9.30 a.m. was too much, even for me!

But when you've wanted something for so long, but somehow manage to get along fine without it, you kind of just reach a level of acceptance, don't you?

And I think if Covid 19 has taught me one thing it's that there are so many things in our lives that are surplus to requirements. If you strip it all back and take away all the trappings, we actually don't need that much.

It took me a while, weeks of complaining to be honest, but I no longer really notice my naked nails or furry eyebrows. Yes I probably will get them done - listen I'm no martyr! But it's no longer a priority.

As for the pubs re-opening - I'm not that bothered. I'm certainly not interested in booking a slot for an hour and a half and then have to go home. I'd be only getting going then!

The last few weeks for us have been spent having a couple of friends over to the garden for drinks and it's been lovely. My liver might not be thanking me but we've had great fun and talked in a way we wouldn't have in a crowded busy pub.
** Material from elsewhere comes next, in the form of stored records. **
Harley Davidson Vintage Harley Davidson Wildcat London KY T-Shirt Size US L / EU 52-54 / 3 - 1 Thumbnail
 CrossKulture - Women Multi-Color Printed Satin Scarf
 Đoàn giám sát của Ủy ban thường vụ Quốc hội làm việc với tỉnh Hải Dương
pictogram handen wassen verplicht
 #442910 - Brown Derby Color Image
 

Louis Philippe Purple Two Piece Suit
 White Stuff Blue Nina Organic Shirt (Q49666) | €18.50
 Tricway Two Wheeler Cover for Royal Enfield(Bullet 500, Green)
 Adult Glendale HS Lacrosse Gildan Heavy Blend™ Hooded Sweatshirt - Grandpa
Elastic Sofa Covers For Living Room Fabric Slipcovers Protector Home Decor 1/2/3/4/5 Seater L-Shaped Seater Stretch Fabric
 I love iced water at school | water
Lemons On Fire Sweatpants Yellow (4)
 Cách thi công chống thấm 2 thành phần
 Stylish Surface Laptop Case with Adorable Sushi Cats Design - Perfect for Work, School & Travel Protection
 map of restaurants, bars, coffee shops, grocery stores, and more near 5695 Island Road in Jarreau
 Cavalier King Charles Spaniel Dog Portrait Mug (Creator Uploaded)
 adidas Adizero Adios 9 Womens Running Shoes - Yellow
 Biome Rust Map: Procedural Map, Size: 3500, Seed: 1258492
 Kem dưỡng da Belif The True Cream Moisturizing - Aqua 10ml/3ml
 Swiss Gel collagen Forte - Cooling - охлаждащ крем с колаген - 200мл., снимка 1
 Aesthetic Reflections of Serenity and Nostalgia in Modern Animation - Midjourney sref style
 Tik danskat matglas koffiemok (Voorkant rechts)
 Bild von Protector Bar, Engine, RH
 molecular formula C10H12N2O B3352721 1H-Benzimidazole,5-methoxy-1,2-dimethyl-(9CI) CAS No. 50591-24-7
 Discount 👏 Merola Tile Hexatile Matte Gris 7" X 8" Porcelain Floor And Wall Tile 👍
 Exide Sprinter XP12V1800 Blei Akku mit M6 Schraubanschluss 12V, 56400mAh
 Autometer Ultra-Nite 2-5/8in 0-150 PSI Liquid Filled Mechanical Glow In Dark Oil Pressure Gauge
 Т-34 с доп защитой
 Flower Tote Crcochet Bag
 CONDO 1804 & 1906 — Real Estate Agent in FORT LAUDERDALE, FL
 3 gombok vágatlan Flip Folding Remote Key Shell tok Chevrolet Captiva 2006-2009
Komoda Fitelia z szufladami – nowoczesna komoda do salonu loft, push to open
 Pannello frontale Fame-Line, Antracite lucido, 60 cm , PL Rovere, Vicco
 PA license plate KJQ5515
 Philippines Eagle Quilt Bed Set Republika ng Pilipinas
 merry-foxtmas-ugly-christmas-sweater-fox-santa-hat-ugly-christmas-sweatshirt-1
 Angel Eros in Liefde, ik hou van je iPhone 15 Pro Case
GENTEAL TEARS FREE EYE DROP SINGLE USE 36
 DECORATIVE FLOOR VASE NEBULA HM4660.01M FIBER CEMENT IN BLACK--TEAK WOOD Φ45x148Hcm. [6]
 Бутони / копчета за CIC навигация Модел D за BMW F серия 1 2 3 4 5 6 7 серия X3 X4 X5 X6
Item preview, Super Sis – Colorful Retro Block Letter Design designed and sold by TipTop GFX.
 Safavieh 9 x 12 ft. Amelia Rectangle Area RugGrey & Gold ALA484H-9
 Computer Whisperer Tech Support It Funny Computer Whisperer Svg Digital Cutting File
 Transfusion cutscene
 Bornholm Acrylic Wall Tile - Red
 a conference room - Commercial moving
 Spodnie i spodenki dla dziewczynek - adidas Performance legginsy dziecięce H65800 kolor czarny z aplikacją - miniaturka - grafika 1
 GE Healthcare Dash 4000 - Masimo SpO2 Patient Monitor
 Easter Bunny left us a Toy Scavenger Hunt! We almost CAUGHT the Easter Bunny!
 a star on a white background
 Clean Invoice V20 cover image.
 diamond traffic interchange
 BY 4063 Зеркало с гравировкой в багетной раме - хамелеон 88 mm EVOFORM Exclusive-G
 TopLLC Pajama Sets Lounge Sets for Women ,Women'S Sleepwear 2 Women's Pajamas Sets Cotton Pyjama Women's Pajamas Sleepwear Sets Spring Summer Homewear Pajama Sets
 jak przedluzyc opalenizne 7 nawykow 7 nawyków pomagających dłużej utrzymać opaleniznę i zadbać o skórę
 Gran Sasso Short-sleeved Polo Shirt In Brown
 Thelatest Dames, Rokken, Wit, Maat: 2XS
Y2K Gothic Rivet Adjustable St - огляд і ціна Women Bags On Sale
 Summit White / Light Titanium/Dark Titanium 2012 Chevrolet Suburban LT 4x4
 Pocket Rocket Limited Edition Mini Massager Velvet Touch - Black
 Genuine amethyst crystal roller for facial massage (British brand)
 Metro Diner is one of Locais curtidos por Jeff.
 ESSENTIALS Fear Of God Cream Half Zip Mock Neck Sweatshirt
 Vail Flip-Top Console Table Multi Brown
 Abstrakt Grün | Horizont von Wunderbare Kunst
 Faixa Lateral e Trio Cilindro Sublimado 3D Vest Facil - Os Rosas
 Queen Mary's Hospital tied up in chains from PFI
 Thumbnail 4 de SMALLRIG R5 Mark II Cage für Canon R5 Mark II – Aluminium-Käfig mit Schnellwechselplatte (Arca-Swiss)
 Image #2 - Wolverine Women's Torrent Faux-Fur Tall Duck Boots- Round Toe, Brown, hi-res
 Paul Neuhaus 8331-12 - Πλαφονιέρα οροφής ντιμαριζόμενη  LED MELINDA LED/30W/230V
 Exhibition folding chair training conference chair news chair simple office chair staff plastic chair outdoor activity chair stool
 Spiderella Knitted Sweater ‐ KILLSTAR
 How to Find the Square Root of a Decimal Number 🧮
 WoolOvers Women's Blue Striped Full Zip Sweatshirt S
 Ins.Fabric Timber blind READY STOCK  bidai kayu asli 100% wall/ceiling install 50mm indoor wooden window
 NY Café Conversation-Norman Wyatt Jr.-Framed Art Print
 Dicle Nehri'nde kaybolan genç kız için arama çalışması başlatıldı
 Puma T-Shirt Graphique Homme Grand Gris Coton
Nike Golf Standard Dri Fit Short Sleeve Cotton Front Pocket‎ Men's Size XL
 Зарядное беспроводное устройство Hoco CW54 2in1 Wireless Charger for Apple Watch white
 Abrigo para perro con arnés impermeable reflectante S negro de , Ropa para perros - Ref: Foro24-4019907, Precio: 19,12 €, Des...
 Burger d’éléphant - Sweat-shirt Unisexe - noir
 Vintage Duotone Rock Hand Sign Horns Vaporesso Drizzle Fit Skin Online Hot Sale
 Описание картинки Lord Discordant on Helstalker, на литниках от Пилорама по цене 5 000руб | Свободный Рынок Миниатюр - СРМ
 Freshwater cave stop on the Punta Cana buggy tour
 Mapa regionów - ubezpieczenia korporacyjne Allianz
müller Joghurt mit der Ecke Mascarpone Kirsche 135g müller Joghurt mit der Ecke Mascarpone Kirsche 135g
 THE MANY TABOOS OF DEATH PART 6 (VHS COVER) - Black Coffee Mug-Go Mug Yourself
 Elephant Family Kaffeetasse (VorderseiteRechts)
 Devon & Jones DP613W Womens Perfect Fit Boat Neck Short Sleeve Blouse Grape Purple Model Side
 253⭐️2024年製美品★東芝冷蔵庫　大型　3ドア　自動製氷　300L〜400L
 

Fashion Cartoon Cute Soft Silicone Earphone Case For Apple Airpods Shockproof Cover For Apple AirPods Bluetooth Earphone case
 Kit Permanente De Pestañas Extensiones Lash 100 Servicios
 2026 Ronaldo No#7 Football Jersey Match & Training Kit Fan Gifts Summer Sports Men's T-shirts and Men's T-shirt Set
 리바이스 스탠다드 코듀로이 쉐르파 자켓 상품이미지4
Life is never going to go back to the way it was before and if you'd said that to me a while back I would've started to panic. But now I think that's ok.

There are lots of positives to be taken from this experience for those of us lucky enough to have avoided contracting Covid 19 - life has forced us to slow down, to evaluate what matters to us and to be thankful for what we have.

For all my banter about hair and nails and pubs reopening, I never forget the people whose lives were lost during this pandemic.

Whose families were left heartbroken and unable to give them the send off they so dearly deserved. I think of those people often and light a candle in their memory.

Life may go on but those who have lost their lives will never be forgotten.